WORK TASK: When you reach the line containing "Volkswagen-vanagon-westfalia-1987-white-9" in the entries below, begin reproducing lines exactly, and stop once the line containing "Snapshot of raichell_sweet_curvy" is done.

INPUT MATERIAL:

*** Begin section ***

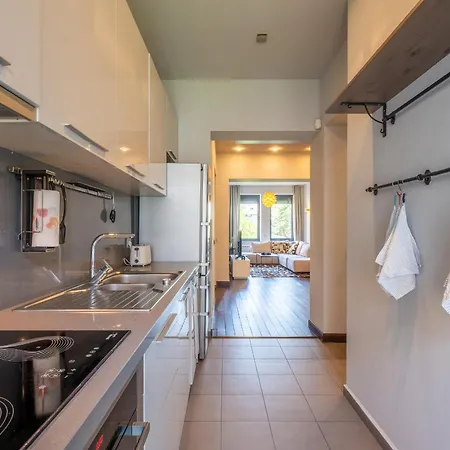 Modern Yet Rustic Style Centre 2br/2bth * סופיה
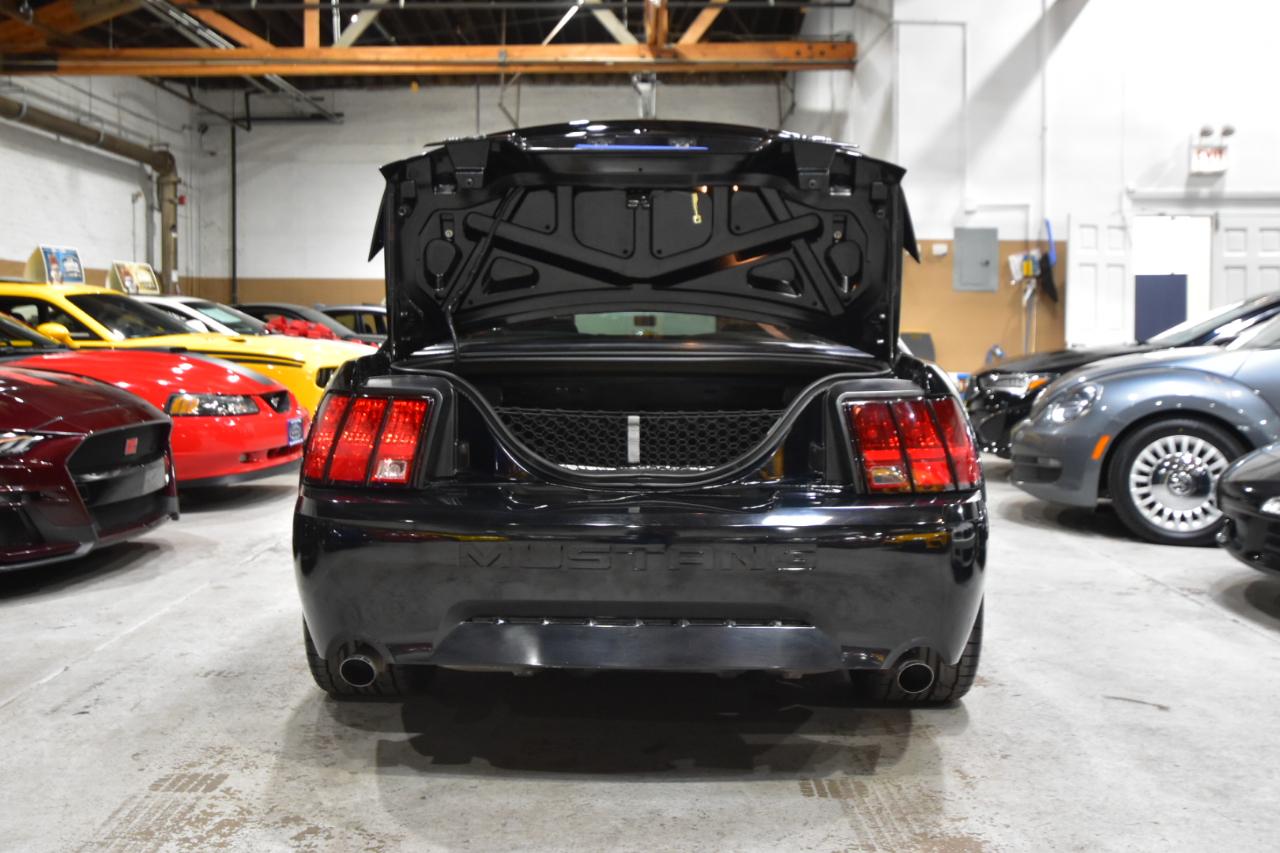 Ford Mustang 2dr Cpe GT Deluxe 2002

*** End section ***
*** Begin section ***

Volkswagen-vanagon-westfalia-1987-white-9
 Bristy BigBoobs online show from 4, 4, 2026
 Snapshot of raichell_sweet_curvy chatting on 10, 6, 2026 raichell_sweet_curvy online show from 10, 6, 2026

*** End section ***

RESPONSE TO THE TASK:
Volkswagen-vanagon-westfalia-1987-white-9
 Bristy BigBoobs online show from 4, 4, 2026
 Snapshot of raichell_sweet_curvy chatting on 10, 6, 2026 raichell_sweet_curvy online show from 10, 6, 2026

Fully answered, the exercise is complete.